** EXERCISE INSTRUCTIONS **
A single stretch of the material below is to be transcribed exactly, starting at the line with "Historischer Brief Barcelona-Locarno" and ending after the line with "レトロフローラ誕生日カード50年ヤング カード".

** RECORDS SUPPLIED **
-- -- --
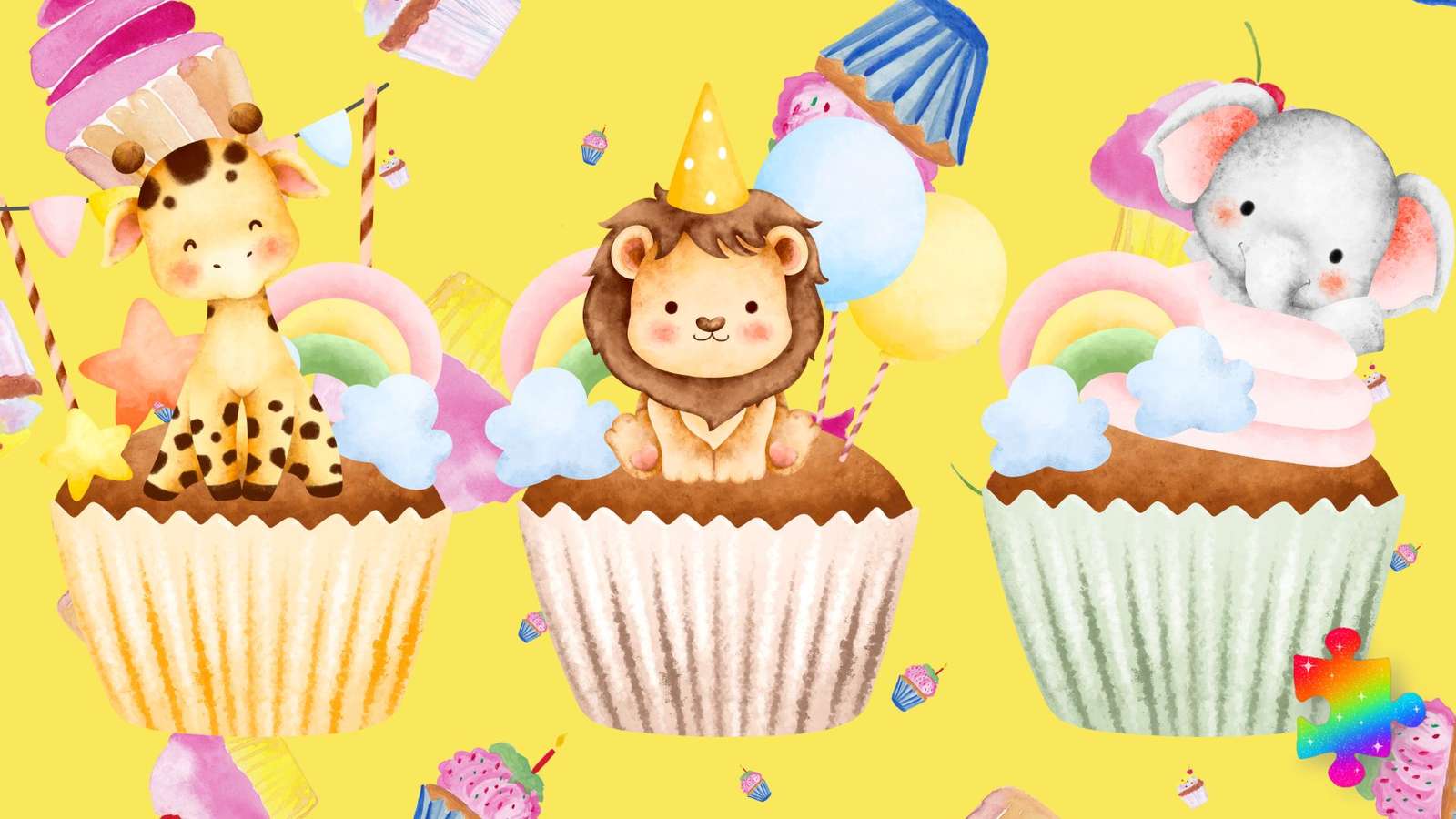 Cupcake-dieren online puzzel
-- -- --
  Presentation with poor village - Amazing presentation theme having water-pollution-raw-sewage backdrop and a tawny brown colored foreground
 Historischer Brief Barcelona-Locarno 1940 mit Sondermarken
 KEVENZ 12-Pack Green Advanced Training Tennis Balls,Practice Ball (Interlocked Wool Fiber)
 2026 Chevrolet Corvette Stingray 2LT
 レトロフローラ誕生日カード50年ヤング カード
-- -- --
** REPLY TO THE EXERCISE **
 Historischer Brief Barcelona-Locarno 1940 mit Sondermarken
 KEVENZ 12-Pack Green Advanced Training Tennis Balls,Practice Ball (Interlocked Wool Fiber)
 2026 Chevrolet Corvette Stingray 2LT
 レトロフローラ誕生日カード50年ヤング カード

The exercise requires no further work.